Monitoring

You can monitor the health of your system to optimize performance. The most useful metrics are available on <node ip>:9644/public_metrics, which has been available since v22.2. This section describes how to use Prometheus queries to monitor your system (for example, to check consumer group lag or Kafka producer request latency).

For information about the original metrics available on :9644/metrics, see Internal Metrics.

The /public_metrics endpoint exports different metrics than the /metrics endpoint.

Use /public_metrics for your primary dashboards for system health.

Use /metrics for detailed analysis and debugging.

Configure Prometheus

Prometheus is a systems monitoring and alerting tool. It collects and stores metrics as time-series data identified by metric name and key/value pairs. Redpanda exports Prometheus metrics on :9644/public_metrics. To generate the configuration on an existing Prometheus instance, run:

rpk generate prometheus-config

The output is a YAML object that you can add to the scrape_configs list.

- job_name: redpanda
  static_configs:
  - targets:
    - 172.31.18.239:9644
    - 172.31.18.238:9644
    - 172.31.18.237:9644
  metrics_path: /public_metrics

When you run the command on a node where Redpanda is running, it displays other available nodes. If Redpanda is not running, you can set the flag --seed-addr to specify a remote Redpanda node to discover the additional ones, or set --node-addrs with a comma-separated list of all known cluster node addresses.
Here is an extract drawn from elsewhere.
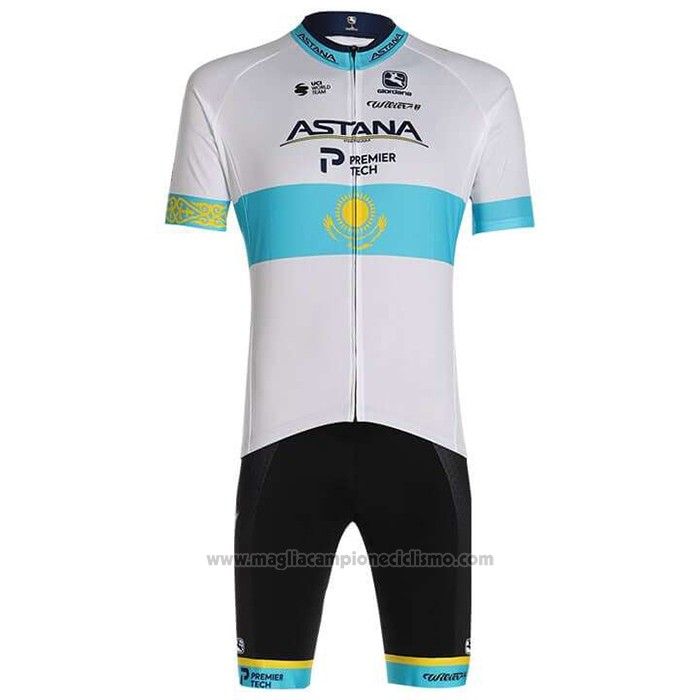 2020 Abbigliamento Ciclismo Astana Campione Kazako Manica Corta e Salopette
For example:

rpk generate prometheus-config --job-name redpanda-metrics-test --node-addrs 172.31.18.239:9644,172.31.18.239:9643,172.31.18.239:9642

Edit the prometheus.yml file in the Prometheus root folder to add the Redpanda configuration under the scrape_configs:

…
scrape_configs:
…
- job_name: redpanda-metrics-test
  static_configs:
    - targets:
        - 172.31.18.239:9644
        - 172.31.18.238:9644
        - 172.31.18.237:9644
  metrics_path: /public_metrics
…

The number of targets may change depending on the total running nodes.

Save the configuration file, and restart Prometheus to apply changes.

After you have the metrics, you can use a tool like Grafana to query, visualize, and generate alerts. For example, to display the total number of partitions in your cluster, run this query on Grafana:

 redpanda_cluster_partitions

To show the number of partitions for a specific topic, run:

count(count by (redpanda_topic, redpanda_partition)
 (redpanda_kafka_max_offset{redpanda_topic="<topic_name>"}))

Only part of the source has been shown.